Wylie was subsequently one of three Aboriginal boys to accompany Eyre and John Baxter on their final attempt to cross the Nullarbor Plain in 1841. He deserted for a brief time with the other older Aboriginal member of the party, Joey, while the party rested at the sandhills of present-day Eucla, but they returned when they failed to find any food. Several weeks later he proved loyal to Eyre when Joey and Yarry (the other Aboriginal person) murdered Baxter and deserted. Despite the two Aboriginals accosting them and calling for Wylie to join them the following day, Wylie stayed with Eyre for the rest of the journey. Using his tracking skills, he obtained food and water for Eyre in the inhospitable desert, saving him from certain death.

Joey and Yarry had been taken on by Eyre at Gundagai and Yarry may have been the same person as Yarri or Yarree, who saved a large number of Gundagai citizens during the flood of 25 June 1852 and was accused of at least one subsequent murder.

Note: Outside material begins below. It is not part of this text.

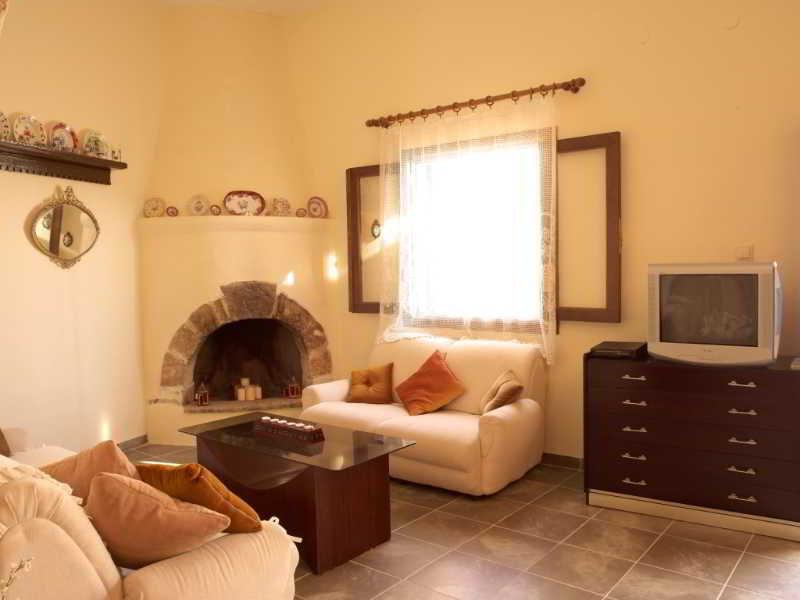 Sunny House Hotel 3*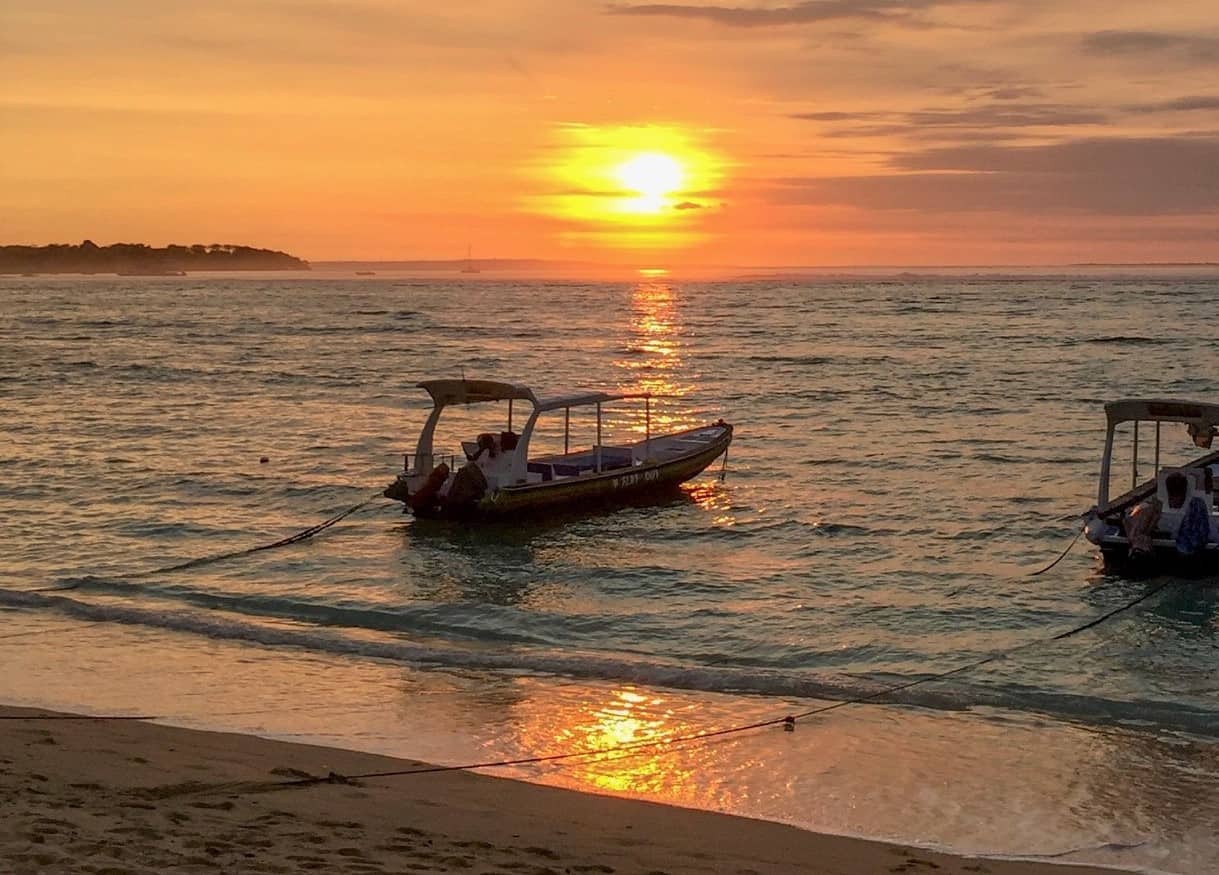 Nusa Lembongan Jungutbatu Beach Sunset - Jungut Beach Nusa Lemongan | Best Bali Sunset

After the completion of the journey, Wylie remained at Albany. He did not receive any of Eyre's fame, but he was given a medal by the Royal Agricultural Society of Western Australia. He spent a brief time as a native policeman, and also benefited from a government pension procured for him by Eyre, who remained in contact with him for some years afterward. In 1844, American whalers decimated the southern right whale population in Mammang-Koort/King George Sound and Wylie raided white homes for food, causing him to be thrown into gaol. However, he retained his pension and in 1848, Eyre had his pension increased. In 1852, he was sketched alongside his wife, which appears to be the last record of him.

There is a statue of Eyre and Wylie in Kimba, South Australia.